Exercise prompt:
Take the lines below beginning at the line that has "Bobine D'Allumage 10678" and stopping after the line that has "Sigorius online show", and print them exactly as they are, with no other lines.

Information:
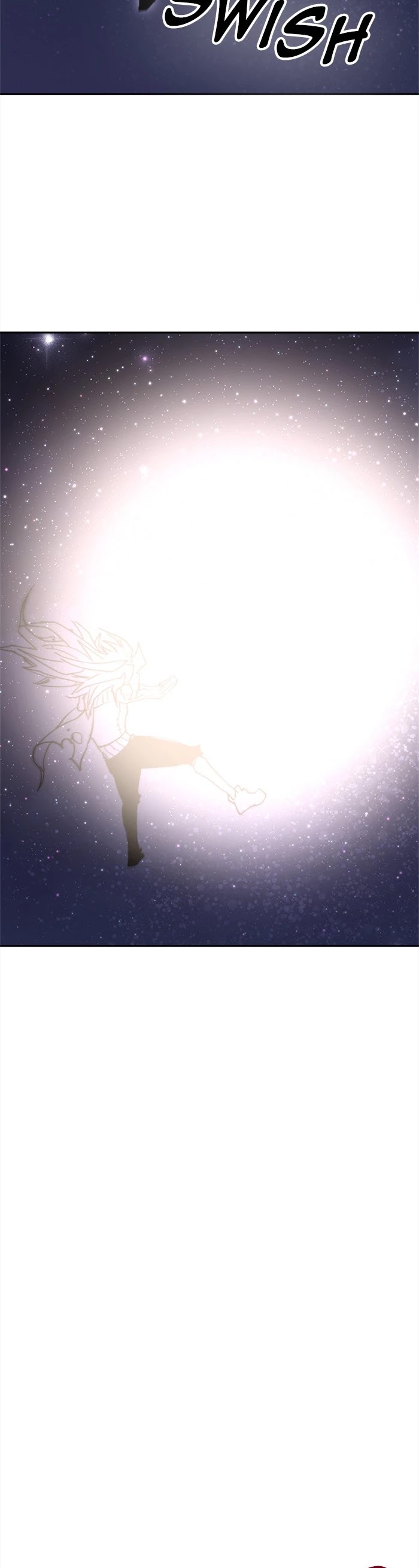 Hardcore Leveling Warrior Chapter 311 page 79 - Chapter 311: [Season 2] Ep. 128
...
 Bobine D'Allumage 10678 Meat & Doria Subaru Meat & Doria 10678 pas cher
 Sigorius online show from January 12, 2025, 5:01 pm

Solved exercise:
 Bobine D'Allumage 10678 Meat & Doria Subaru Meat & Doria 10678 pas cher
 Sigorius online show from January 12, 2025, 5:01 pm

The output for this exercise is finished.